Djoko juga menerangkan bahwa menanggulangi banjir berarti merekayasa seluruh aliran sungai secara fisik dan non fisik. Meliputi lima aspek yaitu, konservasi, daya rusak, pemberdayaan masyarakat, sistem informasi dan pengelolaan. Ditinjau dari aspek konservasi, sungai harus dimanfaatkan semaksimal mungkin tanpa merusak ekologi alaminya.

“Proses penanggulangan banjir harus melibatkan masyrakat sekitar tidak hanya pemerintah saja,“ ujar Djoko. Yang terakhir adalah Sistem Informasi yang pastinya berkaitan dengan teknologi semisal Flood Warning System.

Lebih lanjut, Djoko menerangkan tentang run off manajemen yang mana konsepnya adalah menahan aliran air permukaan untuk tidak berbarengan memasuki tanah. Sehingga pada musim hujan tidak terjadi banjir dan musim kemarau tidak terjadi kekeringan.

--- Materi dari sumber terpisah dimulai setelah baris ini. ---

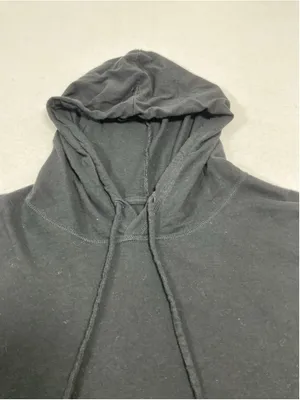 Womans Excellent Gap Lightweight Hoodie XL Black Pullover thumbnail 3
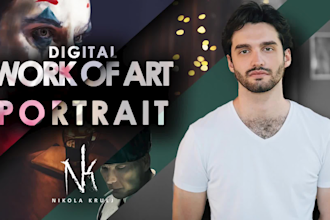 paint expressive digital portraits enriched with emotions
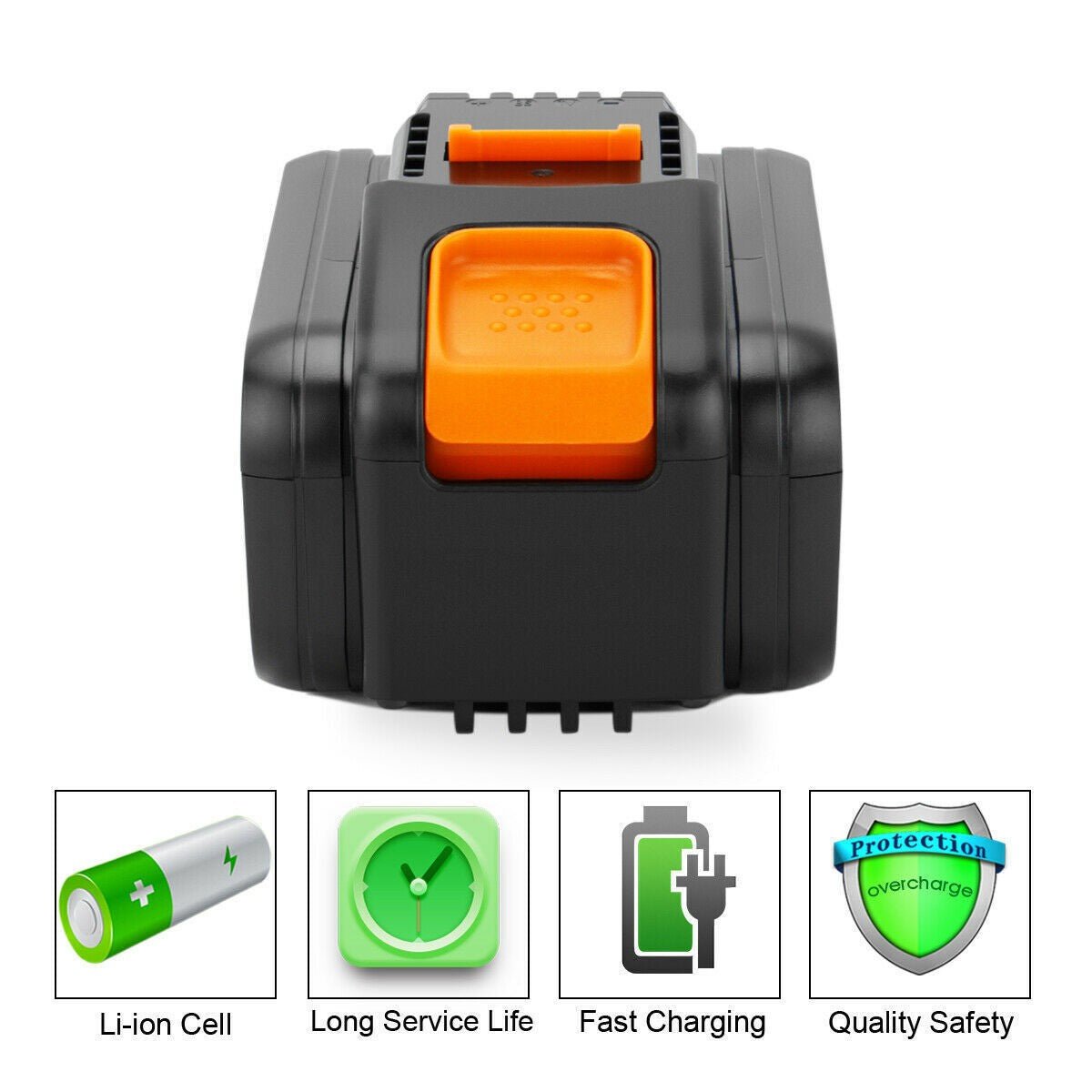 SHENTEC 20V 6000mAh Vervangende accu voor Worx WA3551.1 WX170 WX372 WX390 WA3516 WA3549.1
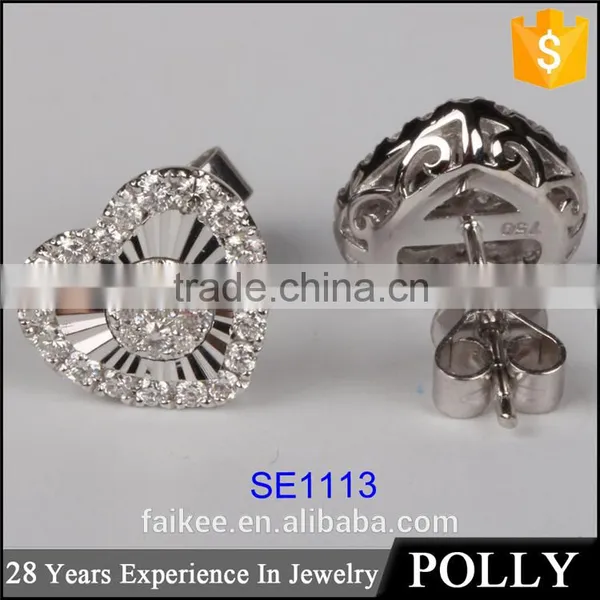 Dubai Gold Jewelry Earrings Micro Shine Plates photo-3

Tata letak tuang kota juga sangat mempengaruhi proses penanggulangan banjir.

“Daerah aliran sungai jangan di jadikan lahan perumahan seperti yang sering terjadi sekarang ini,“ ungkap Djoko. “Yang terpenting adalah pemahaman bahwa banjir adalah urusan kita semua, sehingga harus terjadi koordinasi yang harmonis antar Departeman Pekerjaan Umum, Pemerintah Daerah, dan juga masyarakat,“ pesan Djoko.

Senada dengan Djoko, Chairul berendapat bahwa faktor kerusakan lingkungan adalah salah satu faktor penentu tenjadinya banjir. “Pemprov Jatim mempunyai program rehabilitasi kawasan hutan (Gerhan) yang salah satu tujuannya adalah menaggulangi banjir,“ jelas Chairul.

Menurut Chairul tidak dapat dipungkiri bahwa faktor keserakahan manusia menjadi penyebab utama kerusakan lingkungan yang berdampak akan bencana banjir. ”Maka dari itu kita sendirilah yang harus membangun kesadaran dan melakukan perbaikan,“ tambah Chairul.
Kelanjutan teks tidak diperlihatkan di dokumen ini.